* [What the exercise asks] Take the entries that follow and write them out again, word for word.

* [Task data]
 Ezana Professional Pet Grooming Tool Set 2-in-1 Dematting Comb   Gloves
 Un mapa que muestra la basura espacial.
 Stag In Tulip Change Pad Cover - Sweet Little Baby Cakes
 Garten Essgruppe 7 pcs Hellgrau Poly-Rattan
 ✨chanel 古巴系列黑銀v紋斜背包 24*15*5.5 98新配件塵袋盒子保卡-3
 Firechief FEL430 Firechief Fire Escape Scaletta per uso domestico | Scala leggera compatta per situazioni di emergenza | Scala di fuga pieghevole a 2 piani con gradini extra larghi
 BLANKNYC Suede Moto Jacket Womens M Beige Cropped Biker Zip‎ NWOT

* [Result of the task]
 Ezana Professional Pet Grooming Tool Set 2-in-1 Dematting Comb   Gloves
 Un mapa que muestra la basura espacial.
 Stag In Tulip Change Pad Cover - Sweet Little Baby Cakes
 Garten Essgruppe 7 pcs Hellgrau Poly-Rattan
 ✨chanel 古巴系列黑銀v紋斜背包 24*15*5.5 98新配件塵袋盒子保卡-3
 Firechief FEL430 Firechief Fire Escape Scaletta per uso domestico | Scala leggera compatta per situazioni di emergenza | Scala di fuga pieghevole a 2 piani con gradini extra larghi
 BLANKNYC Suede Moto Jacket Womens M Beige Cropped Biker Zip‎ NWOT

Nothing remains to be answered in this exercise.